La barca promessa per la traversata oceanica non è mai esistita e ovviamente neppure il viaggio: l'inganno è stato architettato dai detective della Dea americana a Bogotà quando nel pattuire il viaggio fingendosi narcos hanno mostrato al boss Antonio Alvaro una barca a vela ancorata in un porto colombiano. “Viaggeremo su quel veliero...” hanno indicato genericamente.
Come nel film in cui Totò e Peppino cercano di vendere la fontana di Trevi ai turisti stranieri.
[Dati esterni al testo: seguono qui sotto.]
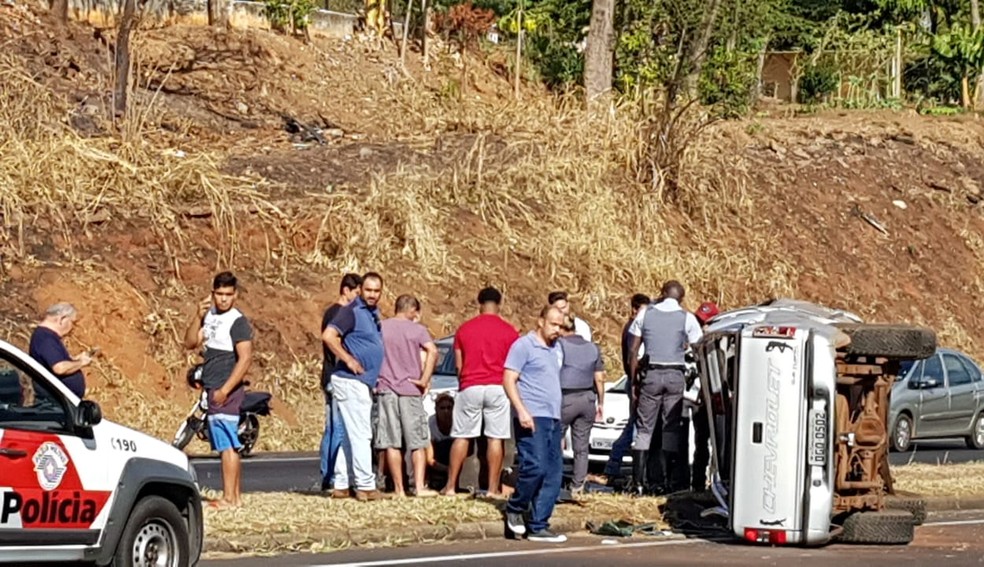 Caminhonete tombou na rodovia em MarÃ­lia na tarde desta sexta-feira  (Foto: MarÃ­lia Urgente/ DivulgaÃ§Ã£o )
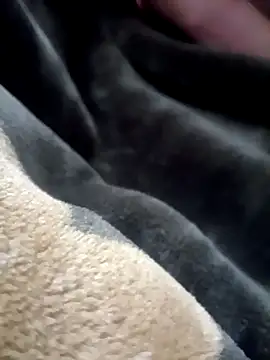 Snapshot of bold_77 chatting on 11.25.25 bold 77 online show from 11.25.25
Solo a parti invertite perché stavolta i furbi che imbrogliano sono stati gli americani (con i finanzieri italiani) e a fare la figura degli allocchi sono stati i calabresi.
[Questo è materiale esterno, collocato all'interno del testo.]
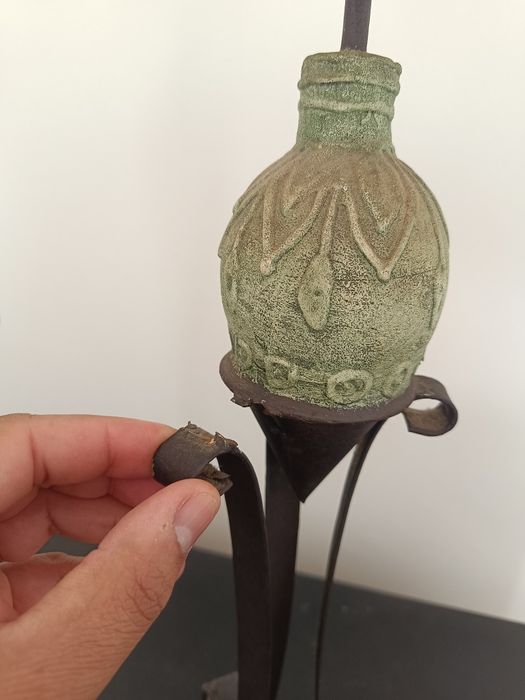 Castiçais com velas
La sceneggiata è stata completata simulando la traversata oceanica, viaggio in realtà mai effettuato perché la droga è arrivata in Italia con un altro mezzo (di cui non si può svelare il tipo), Cocaina necessaria per per arrestare in flagranza di reato gli 'ndranghestisi. Un viaggio solo virtuale eppure fatto monitorare passo passo dai calabresi che grazie a cellulari non intercettabili grazie a uno skimmer contattavano i presunti narcos con continue telefonate, “dove siete?”, “come è il mare'”.
Un viaggio virtuale che per essere verosimile è durato un mese: e in trenta giorni sono state molte le chiamate fra i calabresi e i detective sottocopertura che si sono spacciati per narcos in alto mare. Telefonate per aggiornare sullo stato del mare e delle navigazione, eppoi, sceneggiata finale, per avvertite gli Alvaro che il porticciolo prescelto, dopo le tappe in Spagna e a Marsiglia, per l'attracco in Italia era la piccola marina di Sestri Ponente, a Genova.
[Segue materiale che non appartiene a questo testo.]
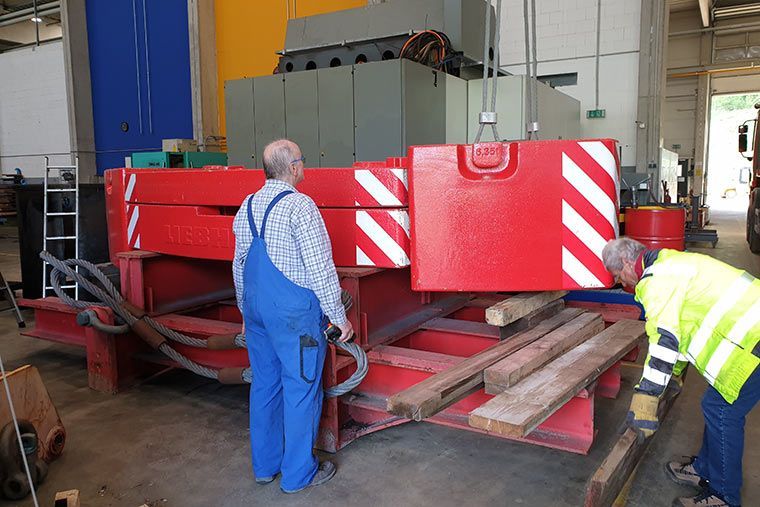 Eine Kranprüfung wird bei Kran Völkl in einer Lagerhalle durchgeführt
Qui altra scena comica quando ad Alvaro è stato mostrato un veliero a caso ancorato alla Marina simile a quello indicato in Colombia. Roba da ridere, ma è alla fine ha permesso agli investigatori di arrestare tre 'ndranghetisti fra calata Gadda e la marina dell'Aeroporto compreso il boss Antonio Alvaro affiliato alla cosca degli Alvaro di Sinopoli (Reggio Calabria), mentre un quarto è riuscito a fuggire, e recuperare la droga e il quasi milione di euro in contanti che la 'ndrangheta aveva portato a Genova per pagare il presunto skipper dei narcos.
Curiosità: nel milione di euro erano compresi anche 200 euro per corrompere i portuali, marittimi ovviamente mai esistiti. “A noi per portare qualsiasi quantità di droga in Italia serve un milione di euro per le spese del viaggio” avevano detto i narcos che in realtà erano detective della Dea e della guardia di finanza che hanno portato a termine l'”Operazione buon Vento genovese”, nome che poteva tradire la messinscena della traversata e della nave fantasma, eppure mai svelata dagli inquirenti.